Proprio negli anni ‘70, tuttavia, i segnali di crisi della dittatura militare erano ormai evidenti; proprio per questo il regime annunciò di voler avviare un’apertura “lenta, graduale e sicura”, come venne definita dell’allora Presidente Generale Ernesto Geisel (1908-1996), che nient’altro era se non una strategia per prolungare il Regime, marginalizzando le forze considerate “estremiste”. La transizione democratica sarebbe stata così lunghissima e caratterizzata anche da significative sconfitte politiche. Tra queste, la più importante fu senza ombra di dubbio quella di Diretas Já, le più grandi manifestazioni della storia del Brasile (almeno fino ad allora), che tra il 1983 e il 1984 occuparono le strade e le piazze di tutte le grandi città in supporto all’Emenda Dante de Oliveira, un progetto di riforma costituzionale che avrebbe reintrodotto l’elezione diretta del Presidente della Repubblica e, di fatto, posto fine al Regime.

Per mesi, al lato di leader politici di opposizione marciarono cittadini, intellettuali, scrittori, cantanti e persino calciatori; tra le altre, divenne celebre la promessa di Sócrates Brasileiro Sampaio de Souza Vieira de Oliveira, meglio noto come Sócrates (1954-2011), stella della nazionale brasiliana e leader della Democracia Corinthiana, richiesto dai grandi club di tutto il mondo, che in un discorso dal palco promise che sarebbe rimasto a giocare in patria qualora il Congresso avesse approvato la riforma costituzionale.

L’enorme mobilitazione popolare, tuttavia, non fu sufficiente a convincere i militari a rinunciare al loro potere; quando la Camera dovette votare il testo della riforma, furono 113 i Deputati che non si presentarono in aula, rendendo impossibile il raggiungimento dei ⅔ dei voti necessari. Il regime era riuscito per l’ennesima volta a ritardare il ritorno della democrazia, e Socrates mantenne la sua promessa, abbandonando il paese per trasferirsi a Firenze, dove visse una stagione priva di soddisfazioni. 


La vittoria di Tancredo Neves e il ritorno alla libertà

La dolorosissima sconfitta del 1984 aveva comunque dimostrato che i militari avevano ormai perso il controllo della situazione, che sarebbe deflagrata definitivamente l’anno successivo, quando il Collegio Elettorale Elettorale (l’organo incaricato di scegliere il nuovo Presidente) avrebbe dovuto indicare il successore del Presidente Figueiredo.

In questo contesto emerse la figura di Tancredo Neves, Governatore di Minas Gerais e tra i principali responsabili della riorganizzazione del fronte democratico.
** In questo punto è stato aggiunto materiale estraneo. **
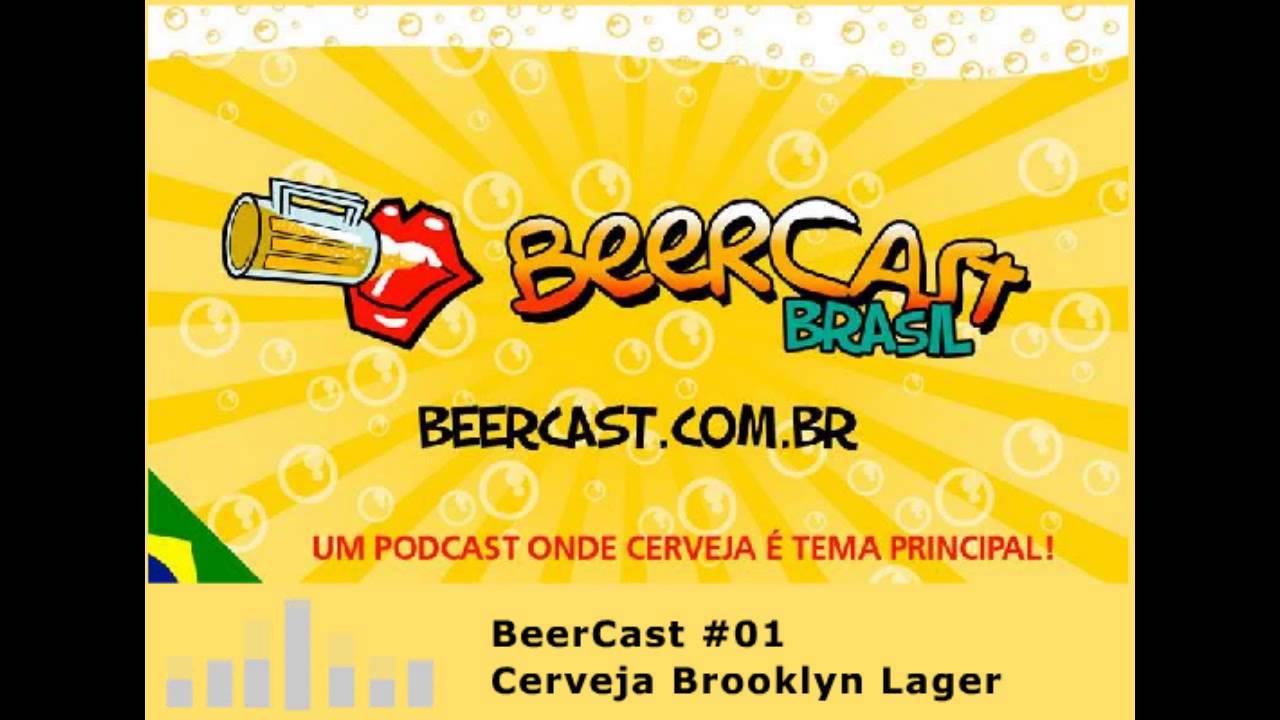 Beercast #02 - Cerveja Brooklyn Lager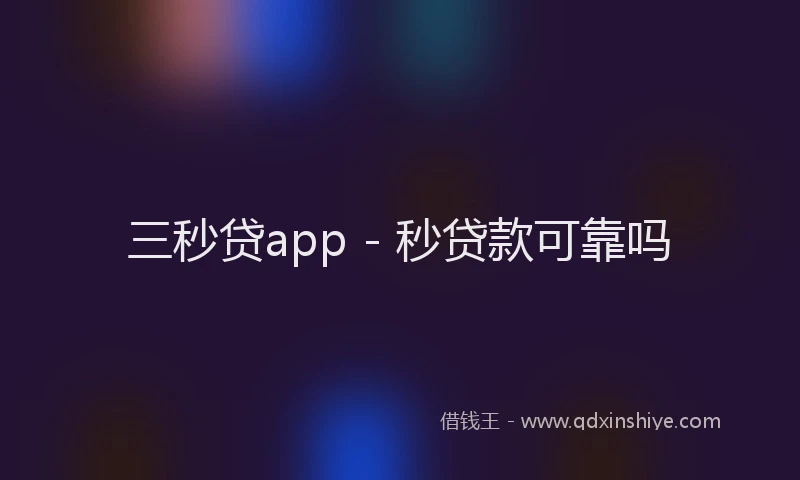 三秒贷app - 秒贷款可靠吗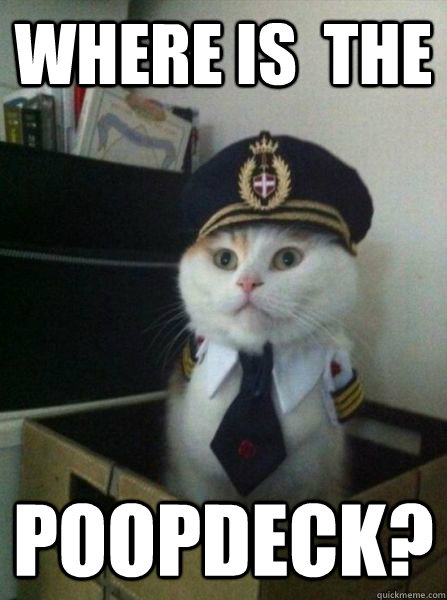 Where is  the Poopdeck?  Captain kitteh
Consapevole delle difficoltà interne al PDS, il partito dei militari, Neves riuscì a mantenere compatto il fronte di Diretas Jà, con la sola eccezione del PT, il Partido dos Trabalhadores, di Luiz Inácio Lula da Silva, noto come Lula.

Come previsto, al momento di scegliere un candidato unitario, il partito di regime si spaccò con uno dei suoi leader, il senatore José Sarney, che pubblicò il Manifesto da Frente Liberal, una proposta rivolta al fronte democratico per formare un governo di conciliazione nazionale. I militari perdevano così definitivamente la maggioranza nel Congresso; Neves, capo del Partito del Movimento Democratico Brasiliano (PMDB), a quel punto strinse un accordo con Sarney, indicandolo come candidato alla vicepresidenza.

Grazie ad un abile manovra politica il 15 gennaio 1985 Neves veniva eletto Presidente della Repubblica con un’ampissima maggioranza, ottenendo più del 70% dei voti. Un “civile” tornava così ad essere Presidente della Repubblica.

La transizione democratica, tuttavia, era appena iniziata e non sarebbe stata priva di ostacoli… ma, perlomeno, quella del 16 gennaio fu davvero l’alba di un giorno che nasceva felice.